A colleague came to me recently with a problem:

I have a bunch of numbers in a spreadsheet, and I need to take a random sample of 50 of them, and sum it. I can do the sample by random sorting, but I need to repeat this several times, so I’d like a function that I can repeat without having to muck around.

Well, sampling – I have some code which will do just that. After that, I think I should be able to manage summing the array.

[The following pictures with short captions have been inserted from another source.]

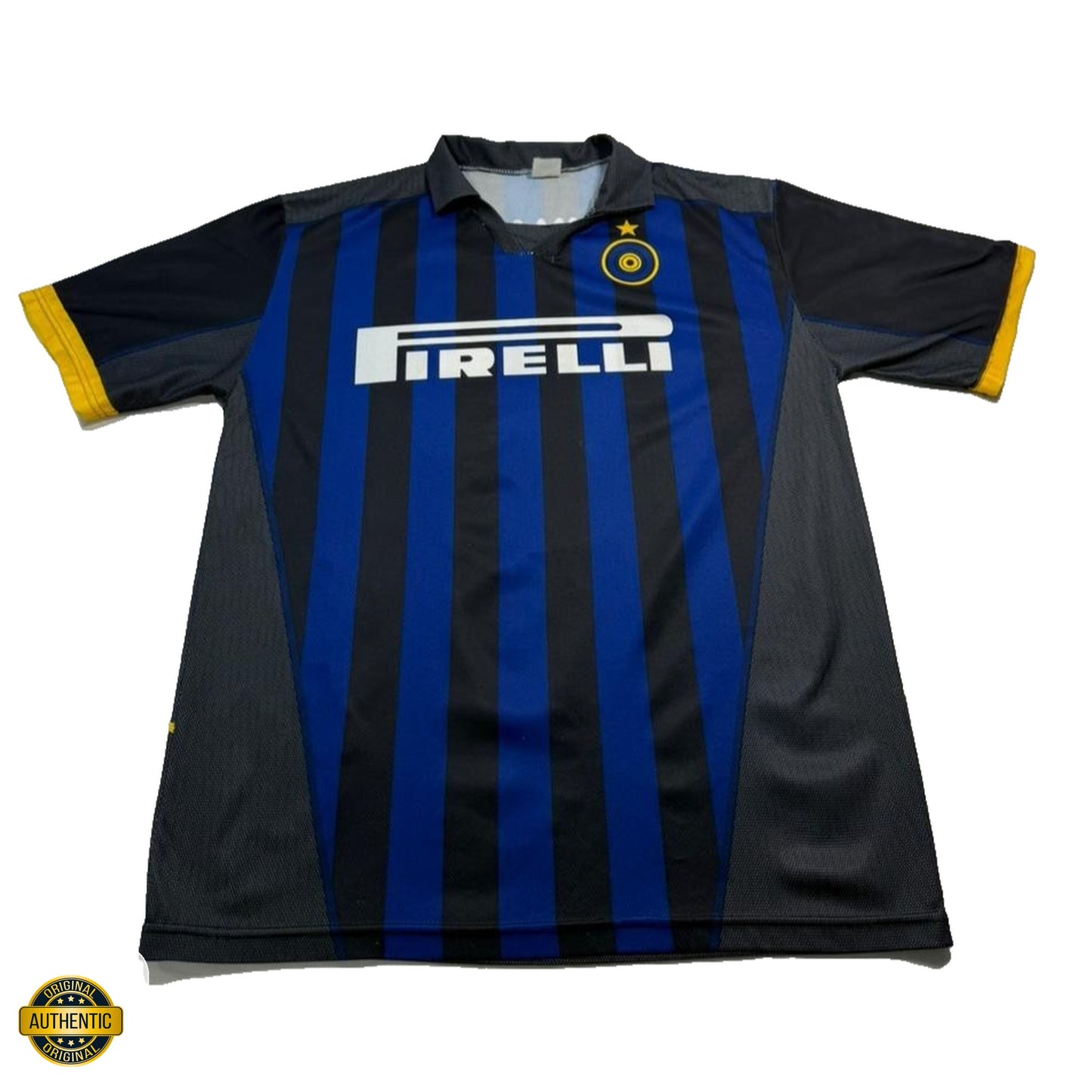 Unisex Inter Milan Cannavaro #13 Blue Black Striped Pirelli Jersey Size XL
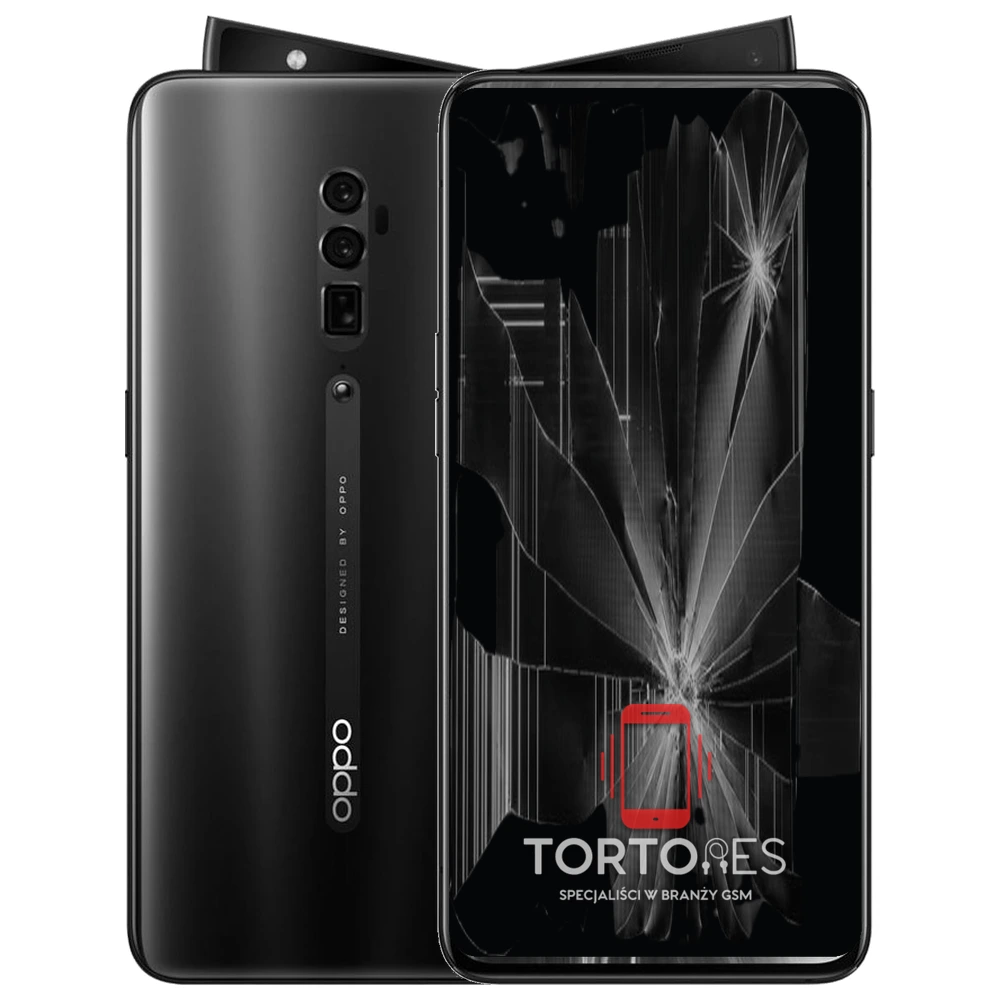 OPPO Reno (2019) z ilustracją pękniętego wyświetlacza - wymiana zbitego wyświetlacza
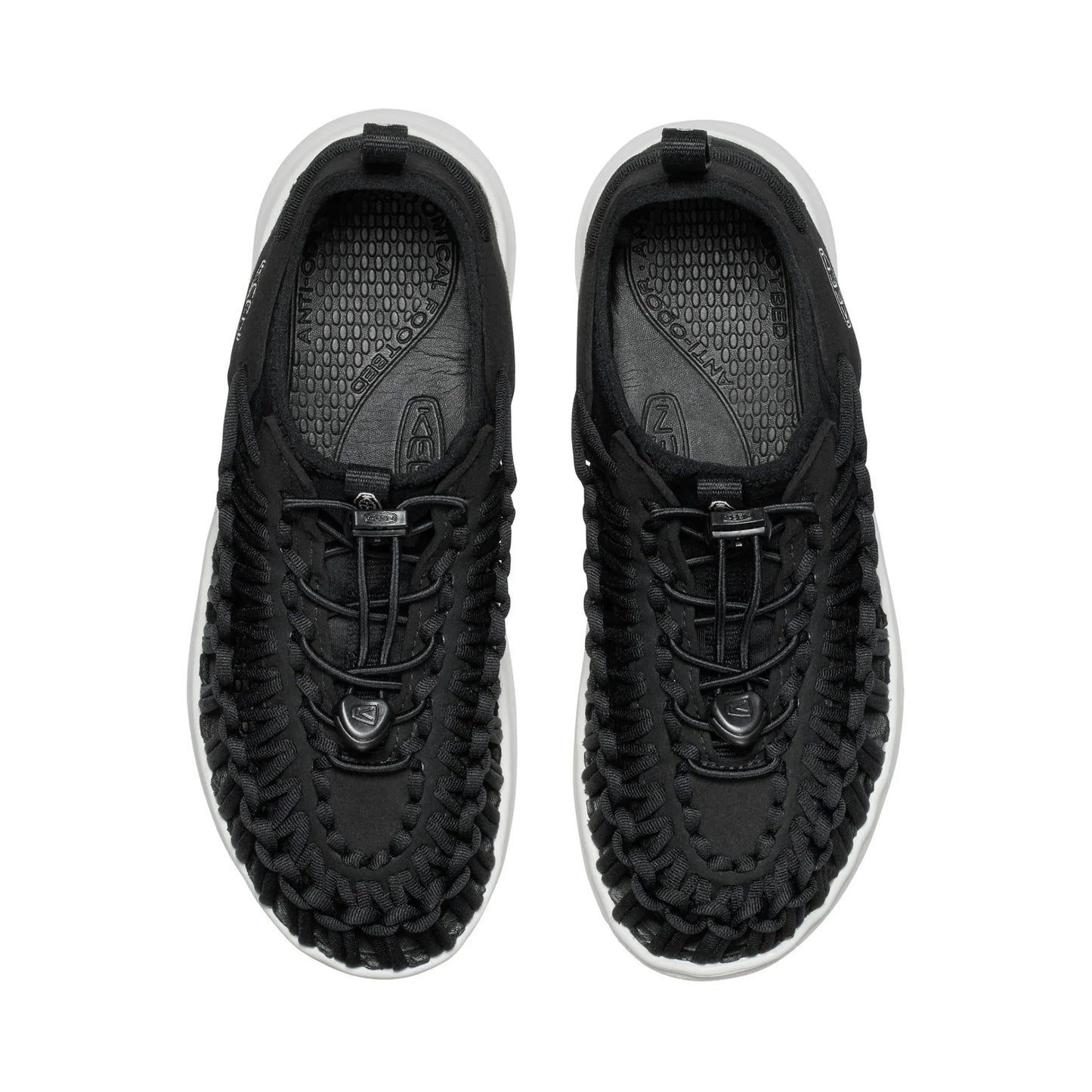 WOMEN UNEEK O3 FLAT SANDALS BLACK /STAR WHITE - Sole Therapy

Here’s the code for creating a random sample:

Private Sub SampleArray(ByRef avBigset As Variant, ByRef avSmallset As Variant)
' SampleArray populates a random sample avSmallset from an array avBigset
' without replacement (each element in avBigset is considered once only)
Dim lRemainder As Long
Dim lSize As Long
Dim lOb As Long
Dim lPickit As Long
' Make sure we're dealing with arrays...
If Not IsArray(avBigset) Or Not IsArray(avSmallset) Then Exit Sub
' Initialise
lRemainder = UBound(avBigset)
lSize = UBound(avSmallset)
Randomize 0
Do While lSize > 0 ' Still some left to pick up
lOb = lOb + 1
If Rnd < lSize / lRemainder Then
lPickit = lPickit + 1
avSmallset(lPickit) = avBigset(lOb)
lSize = lSize - 1
End If
lRemainder = lRemainder - 1
Loop ' Sample complete
End Sub

The issue is that it’s built to work with 1d arrays, so given a range as input in the function, I would need to push the values of the range into an array. I could do that with something simple like the below:

Private Function arr(ByRef rng As Range) As Variant
' Convert range to 1-D array
Dim i As Long
Dim j As Long
Dim k As Long
Dim rowCount As Long
Dim colcount As Long
Dim lim As Long
Dim sArr() As String
Dim vArr As Variant
vArr = rng.Value2
' dimension array
rowCount = UBound(vArr)
colcount = UBound(vArr, 2)
lim = rowCount * colcount
ReDim sArr(1 To lim)
k = 1
' populate
For i = 1 To rowCount
For j = 1 To colcount
sArr(k) = vArr(i, j)
k = k + 1
Next j
Next i
arr = sArr
End Function

This will do the trick, but performance-wise it works out pretty horribly. The bigger the array, the longer this step will take, and it’s all useless, unnecessary overhead. The better approach is I think to revise the SampleArray function so it will work with a range rather than an array.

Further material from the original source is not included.